## Problem details
Begin your copy at the line that holds "5023 Elk Park Highway, Elk Park, NC 28622" and carry it through the final line of the data, writing out each line exactly and omitting pictures.
(Material for the task begins)
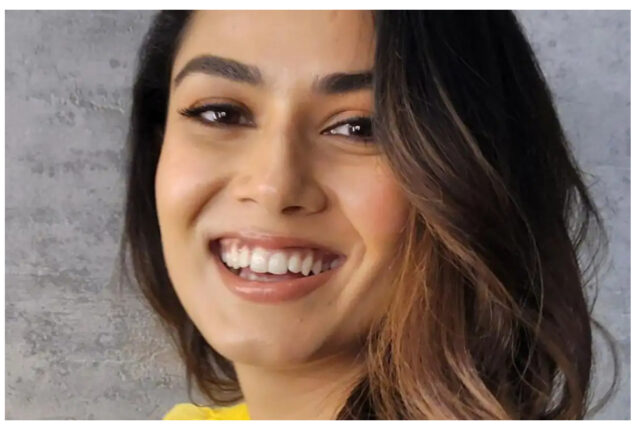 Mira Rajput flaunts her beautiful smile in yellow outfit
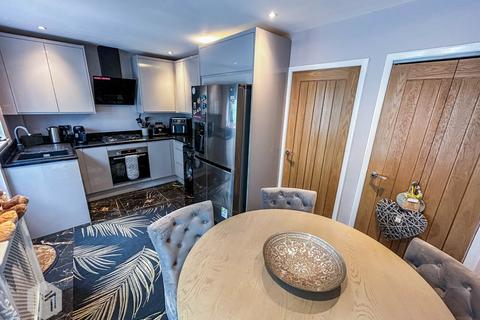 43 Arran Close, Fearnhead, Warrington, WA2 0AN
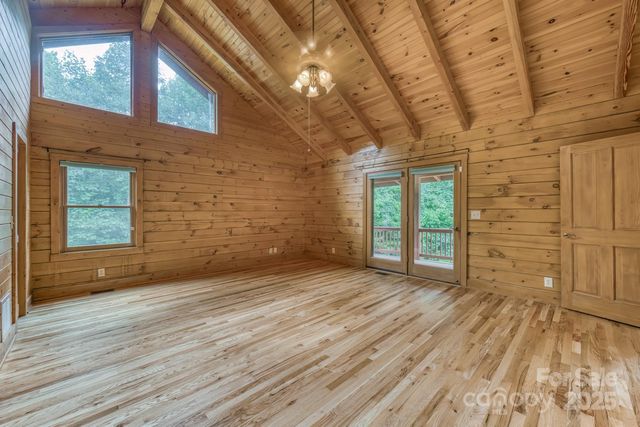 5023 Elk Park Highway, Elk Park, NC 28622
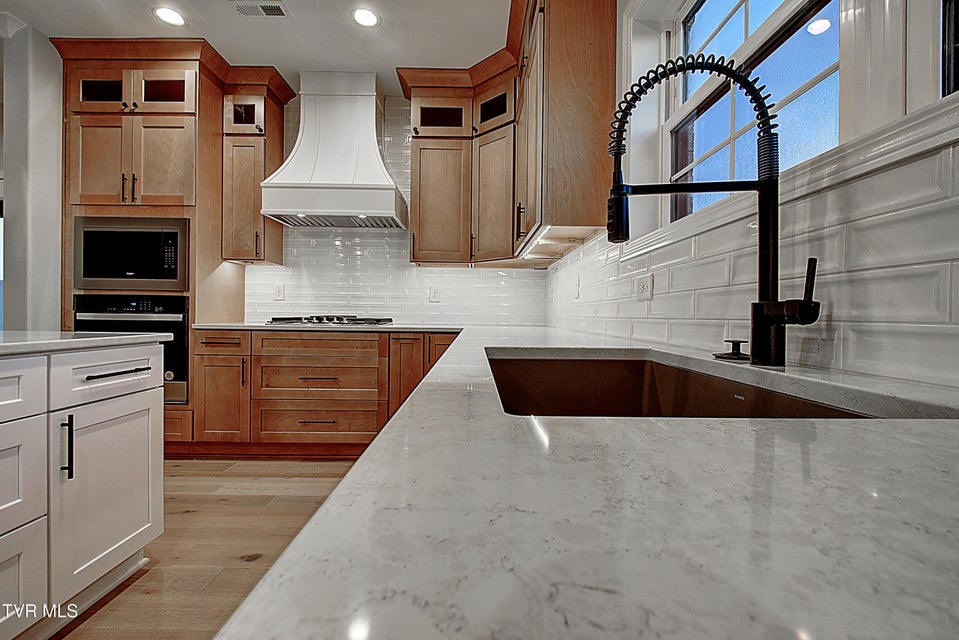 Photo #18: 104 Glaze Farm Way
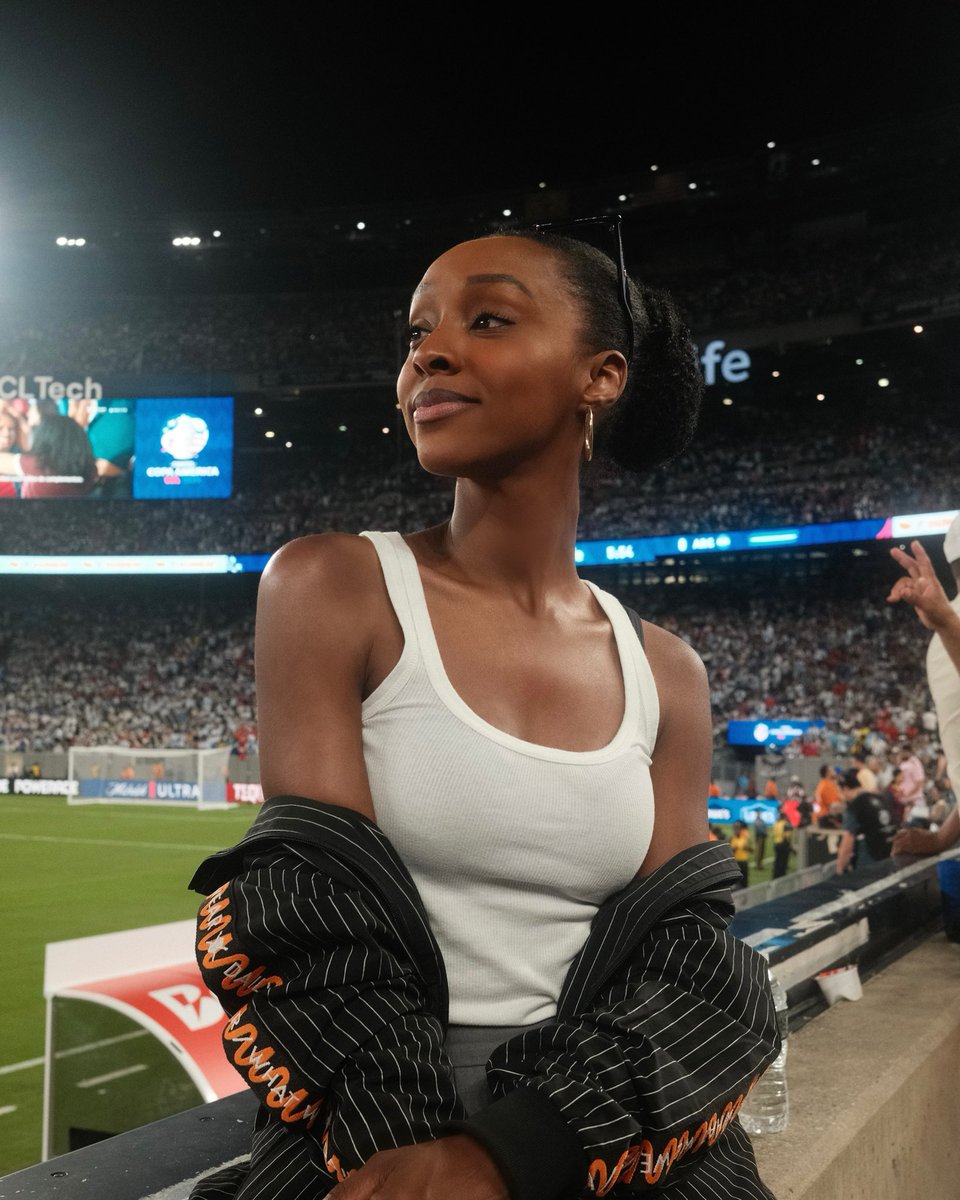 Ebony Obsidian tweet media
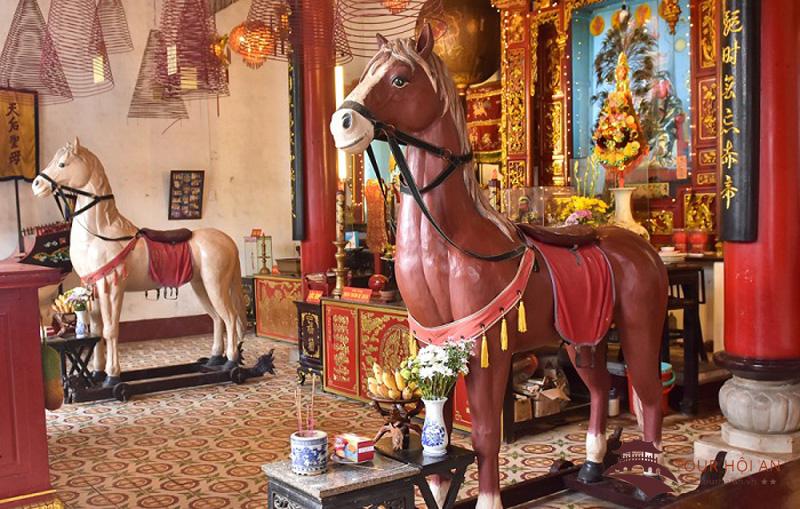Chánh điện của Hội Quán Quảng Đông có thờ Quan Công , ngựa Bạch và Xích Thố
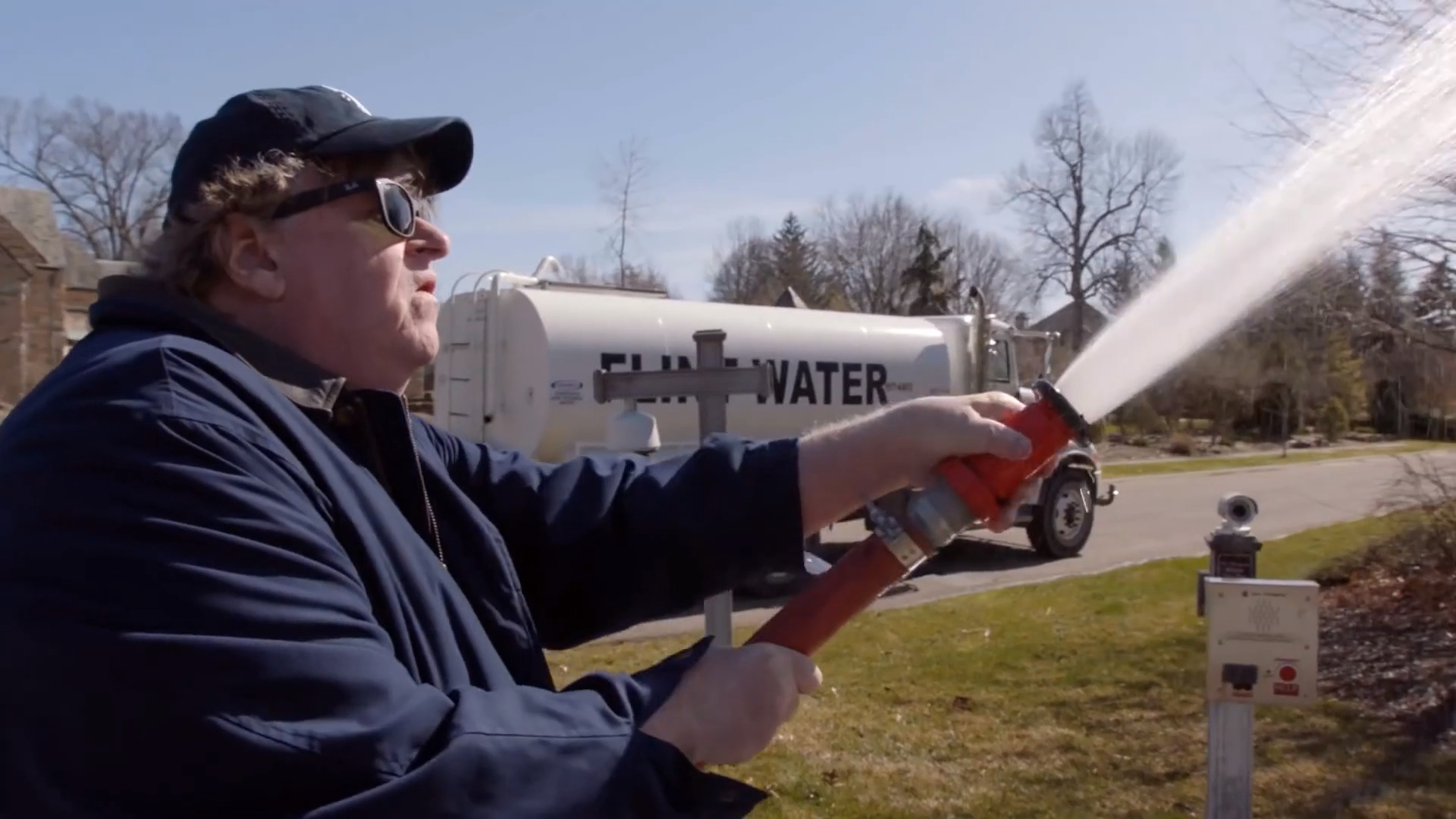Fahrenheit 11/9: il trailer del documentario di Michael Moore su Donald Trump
(Material for the task ends)
## Task output
 5023 Elk Park Highway, Elk Park, NC 28622
 Photo #18: 104 Glaze Farm Way
 Ebony Obsidian tweet media
Chánh điện của Hội Quán Quảng Đông có thờ Quan Công , ngựa Bạch và Xích Thố
Fahrenheit 11/9: il trailer del documentario di Michael Moore su Donald Trump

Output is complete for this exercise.